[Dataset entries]
+--
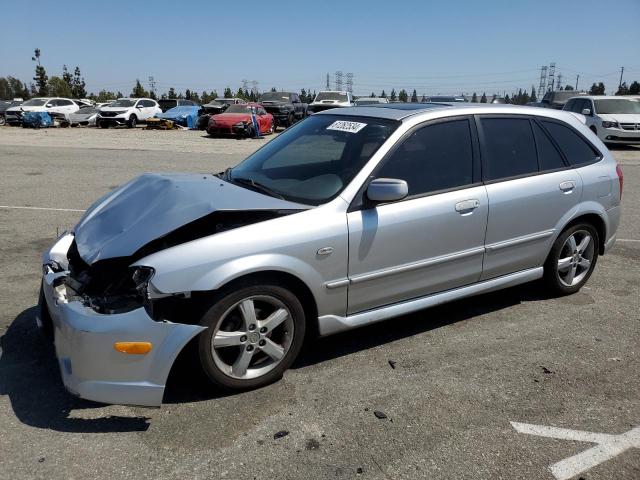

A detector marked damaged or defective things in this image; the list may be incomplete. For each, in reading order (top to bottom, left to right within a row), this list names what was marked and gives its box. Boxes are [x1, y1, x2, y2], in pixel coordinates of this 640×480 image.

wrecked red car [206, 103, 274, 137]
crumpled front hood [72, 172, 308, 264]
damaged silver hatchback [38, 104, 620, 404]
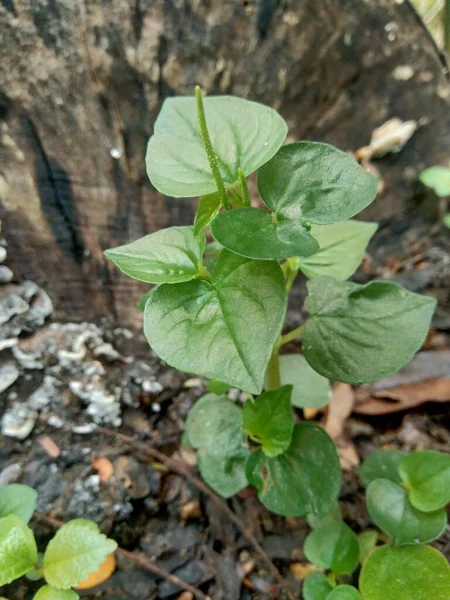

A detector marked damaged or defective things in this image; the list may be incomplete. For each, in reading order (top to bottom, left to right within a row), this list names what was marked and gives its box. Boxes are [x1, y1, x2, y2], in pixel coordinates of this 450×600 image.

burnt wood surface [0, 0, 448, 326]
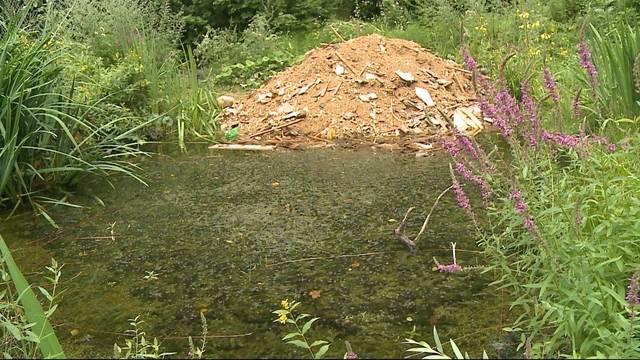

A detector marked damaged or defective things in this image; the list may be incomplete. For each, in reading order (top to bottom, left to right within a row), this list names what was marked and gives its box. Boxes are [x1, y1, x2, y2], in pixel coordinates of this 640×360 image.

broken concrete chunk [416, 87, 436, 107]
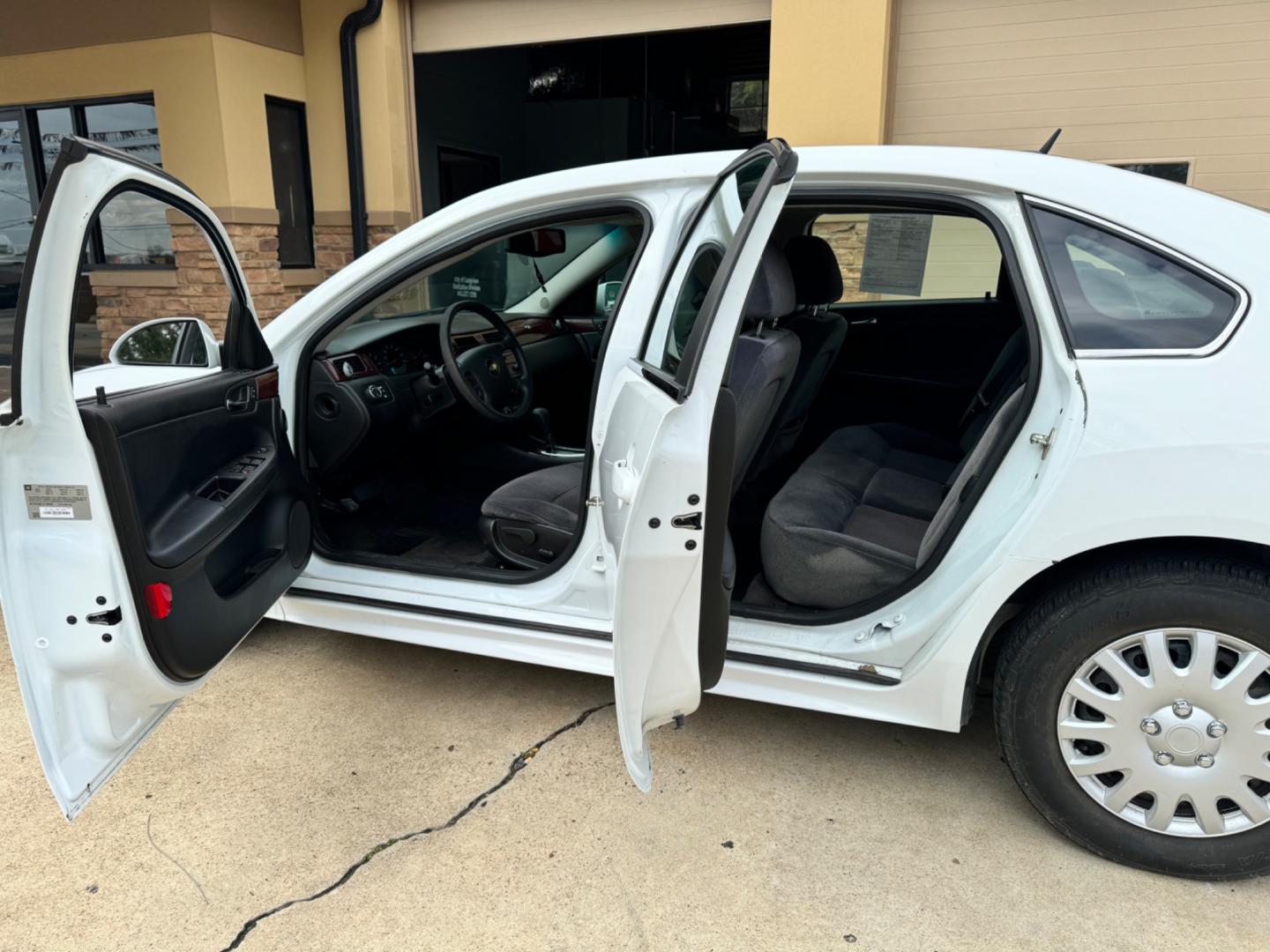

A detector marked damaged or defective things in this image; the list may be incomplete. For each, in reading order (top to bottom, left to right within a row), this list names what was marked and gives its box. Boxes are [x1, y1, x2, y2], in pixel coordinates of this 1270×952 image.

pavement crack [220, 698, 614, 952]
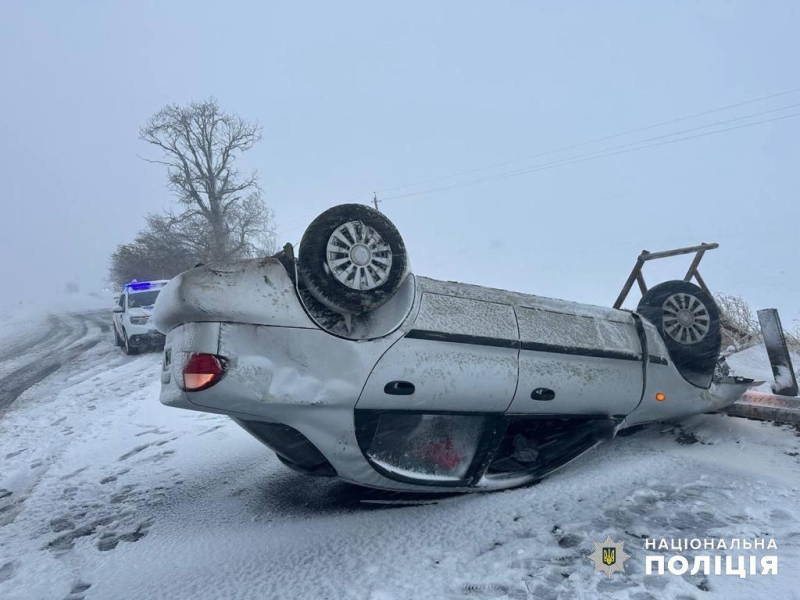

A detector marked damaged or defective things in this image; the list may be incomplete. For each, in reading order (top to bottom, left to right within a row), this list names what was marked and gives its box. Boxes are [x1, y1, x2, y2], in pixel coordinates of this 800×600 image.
+--
**Description of the task**
Word for word, write out each line from the one with "this 450×600 image." through the end of the entries above, and omit any pictures.

**Finished exercise**
A detector marked damaged or defective things in this image; the list may be incomplete. For each, in reading order (top to bottom, left to right within a row), this list names what was marked and gives its box. Boxes are [x1, y1, x2, y2], in pixel coordinates of this 450×600 image.

burnt wood surface [0, 0, 448, 326]

A detector marked damaged or defective things in this image; the list may be incomplete. For each, in reading order (top to bottom, left to right within a row), this list names what was marked and gives its box. Boxes are [x1, y1, x2, y2], in pixel coordinates of this 640×360 image.

broken concrete chunk [416, 87, 436, 107]

A detector marked damaged or defective things in this image; the list may be incomplete. For each, in reading order (top to bottom, left to right within a row), this list names what was marked and gives its box. Boxes are [x1, y1, x2, y2], in pixel coordinates of this 1270×952 image.

pavement crack [220, 698, 614, 952]

A detector marked damaged or defective things in this image; the list may be incomplete. For each, in reading order (top to bottom, left to right within a row), this list names what was marked and gives its box. Boxes are [x1, y1, x2, y2], in pixel coordinates of this 800×600 image.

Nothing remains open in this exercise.